Sur le fondement de cette amitié politique, les relations économiques et culturelles vont croissantes, quels que soient les gouvernements français qui se succèdent depuis 1991. D'importants contrats sont signés en ce début de XXIème Siècle : en 2009, dans les transports pour l'extension du métro de Bakou avec l'entreprise Systra (filiale de la SNCF et de la RATP) ; en 2013, dans le secteur spatial avec Arianespace pour l'envoi, depuis Kourou, du premier satellite de télécommunication azerbaïdjanais. Aussi, la visite ministérielle à Bakou, en juillet 2019, s'inscrit dans cette arrivée à maturité des relations économiques. Selon le ministre, venu signer un contrat entre Alstom et l'Agence des chemins de fers azerbaïdjanais, de nouveaux projets en commun sont en gestation avancée dans le domaine des hydrocarbures et des énergies renouvelables ainsi que dans l'industrie de défense (11).

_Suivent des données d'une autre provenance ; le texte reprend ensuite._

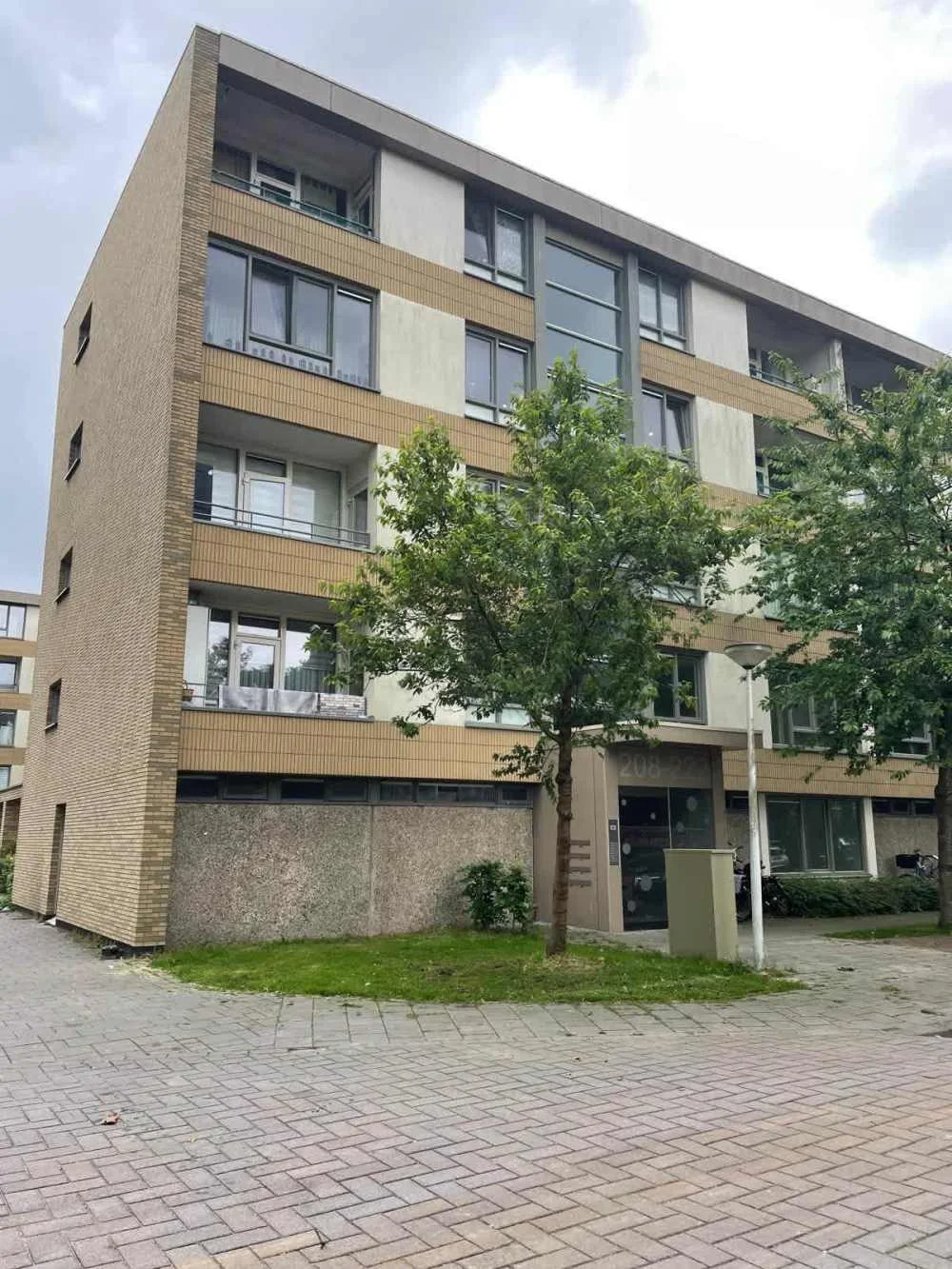 Rental property in Jaspersstraat 208, Zaandam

Du MEDEF, accompagnant le ministre avec une délégation de chefs d'entreprises français, à l'AFD (12), récemment implantée en Géorgie, c'est une implication de plus en plus forte des acteurs français dans la région du Sud-Caucase.
 
 

Echanges culturels et touristiques comme rapprochement des cultures

Alexandre Dumas en serait fier et le touriste français étonné : une route porte son nom en Azerbaïdjan. Une école française a même vu le jour à Bakou en 2011. Fort de son potentiel touristique entre mer et montagne, le pays a de quoi enthousiasmer les citoyens du monde, et d’abord ceux de l’Europe voisine, avec l'organisation réussie de plusieurs événements internationaux comme l'Eurovision en 2012 (13), le grand prix de Formule 1 (14) ou la finale de l'Europa League en 2019 (15). Une politique plus souple de e-visas, un vol direct depuis Paris ainsi que plusieurs coopérations avec des villes et musées français (dont le département des arts de l'Islam au musée du Louvre) devraient favoriser l'essor d'un tourisme français souhaité par les deux gouvernements. Lors de son audition devant l'assemblée en janvier 2017, le secrétaire d'Etat Matthias FEKL (16), l'a souligné « le tourisme constitue un nouveau domaine de coopération de nos pays ». Entre route de la soie, BRI et nouvelle destination touristique, le pays décline ainsi de nombreux atouts pour séduire de nouveaux investisseurs français et européens.